Darren Entwistle: Zainul?

Zainul Mawji: Thanks, Darren. So I think it would be overly simplistic to think about bundling from only a wireline, wireless perspective. I think we look at bundling across a journey. We have several brands. Some of those brands help us to identify new prospects that we can bring into our ecosystem, and then we look at the level of product intensity, and it’s a self-fulfilling prophecy because as you add products and as you add other digital touch points into the customer’s journey and into the household, you improve the economies of scope and scale, you improve the revenue and you improve the cost structure. And so because we have such a significant breadth of products, as I highlighted across our home security automation, our online security, our consumer health portfolio in addition to the incredible products we have across our core services and our entertainment and other portfolios, we look at this from a perspective of continuous growth and that drives both revenue and cost to serve.

And so as you look — even if you look at, for example, a newcomer journey, that customer’s needs and that customer’s desires in terms of what they need in their household is going to change over time. So there’s a significant base management opportunity, and we look at the journey across the multitude of our products. We have the most products relative to our peers, and we’re going to continue to build and deploy new product categories some of which will be aligned to the product areas we’re in and some of which will be net new areas that we can grow new digital relationships with our customers.

David Barden: Great. That’s very helpful. Thank you so much.

Robert Mitchell : Thanks, Matt. Final question, please, Fredrick.

Operator: And our final question comes from Sebastiano Petti of JPMorgan. Please go ahead.

Sebastiano Petti: Hi. Thanks for taking the question. I just wanted to see if you could provide a bit more color on perhaps maybe the margin in TTEC within the second quarter. Was there anything one-time in nature, or anything we should be thinking about in terms of comps? And in the context of the back half trajectory, obviously, you have some LifeWorks synergies coming in. But you’re also comping LifeWorks in September, beginning in September of last year. And so some of the puts and takes around that and how we should perhaps be thinking about underlying growth within TTEC and an x synergy or x LifeWorks spaces? Thank you.

Darren Entwistle : Okay. Doug, we’ll kick this one off.

Douglas French : Yes. In the second half, there are a couple one-time items from last year.

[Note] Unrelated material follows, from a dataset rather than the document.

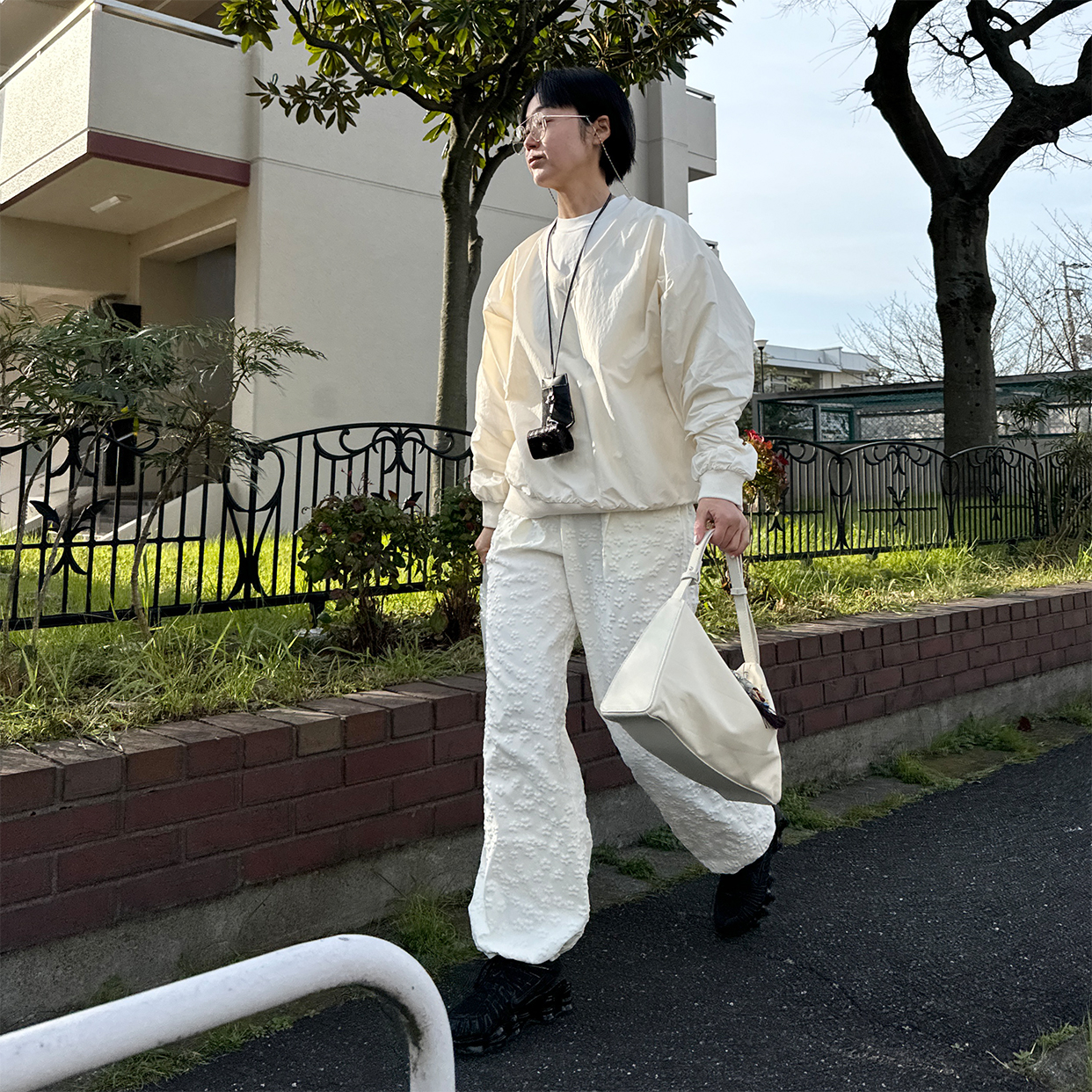 グロッシーVネックスウィンドブレーカースウェット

We did have a total investment in LifeWorks, which on the execution of the deal created a gain, and you would have seen that through it and we disclosed that in the third quarter of last year. That would be our same one. There’s a couple of small called put option gains that occur periodically through quarters. It also would be in the second half of the year. But the total hold would be the main one to acknowledge for Q3. Would also be a mistake to because of the lapping of LifeWorks, assume that the growth profile of Q4 relative to Q3 is significantly diminished we are forecasting a more consistent performance across Q3 and Q4 in the second half of the year. So I would guide you in that regard.

Sebastiano Petti: Okay. Thank you very much.

Darren Entwistle : Thanks, Sebastiano. Thank you, everyone, for joining us today. Please feel free to reach out to the IR team if you have any follow-ups. And for those in Canada, we wish you a wonderful long weekend.

Operator: Thank you. And this concludes the TELUS 2023 Q2 earnings conference call. Thank you for your participation, and have a nice day.